» GOAL OF THE EXERCISE
For this exercise, return exactly the lines of the material below that begin at the one with "Let's look at" and stop after the one with "Hello guys, in".

» SOURCE DATA

◆ ◆ ◆ ◆ ◆

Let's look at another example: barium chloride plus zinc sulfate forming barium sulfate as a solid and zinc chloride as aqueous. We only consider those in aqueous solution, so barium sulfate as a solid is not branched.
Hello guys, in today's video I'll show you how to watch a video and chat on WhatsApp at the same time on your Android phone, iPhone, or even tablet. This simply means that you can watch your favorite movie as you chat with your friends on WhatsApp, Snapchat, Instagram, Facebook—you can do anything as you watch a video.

◆ ◆ ◆ ◆ ◆

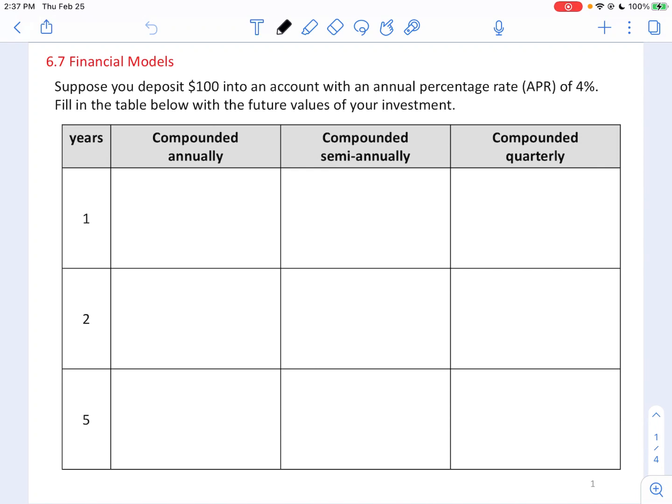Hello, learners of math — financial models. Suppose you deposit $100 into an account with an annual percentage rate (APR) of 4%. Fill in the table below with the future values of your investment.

◆ ◆ ◆ ◆ ◆

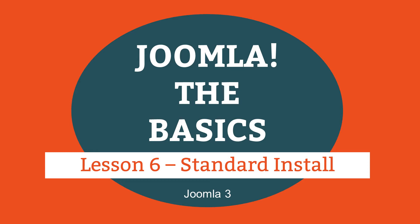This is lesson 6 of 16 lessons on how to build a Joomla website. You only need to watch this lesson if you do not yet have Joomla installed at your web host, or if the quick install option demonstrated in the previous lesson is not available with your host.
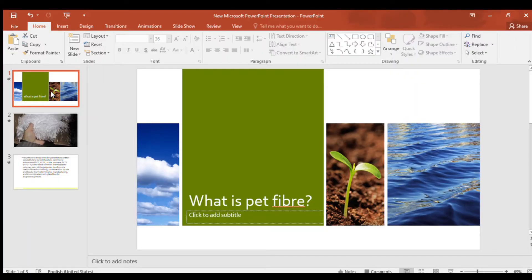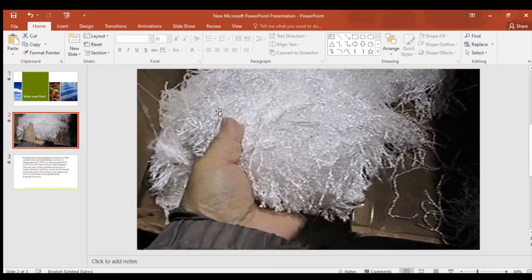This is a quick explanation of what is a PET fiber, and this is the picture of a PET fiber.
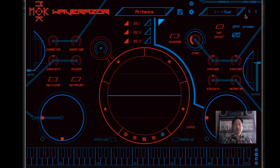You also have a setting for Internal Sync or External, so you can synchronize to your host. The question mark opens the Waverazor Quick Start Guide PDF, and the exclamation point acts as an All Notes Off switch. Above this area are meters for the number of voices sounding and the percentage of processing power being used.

◆ ◆ ◆ ◆ ◆

» RESULT FOR THIS TASK
Let's look at another example: barium chloride plus zinc sulfate forming barium sulfate as a solid and zinc chloride as aqueous. We only consider those in aqueous solution, so barium sulfate as a solid is not branched.
Hello guys, in today's video I'll show you how to watch a video and chat on WhatsApp at the same time on your Android phone, iPhone, or even tablet. This simply means that you can watch your favorite movie as you chat with your friends on WhatsApp, Snapchat, Instagram, Facebook—you can do anything as you watch a video.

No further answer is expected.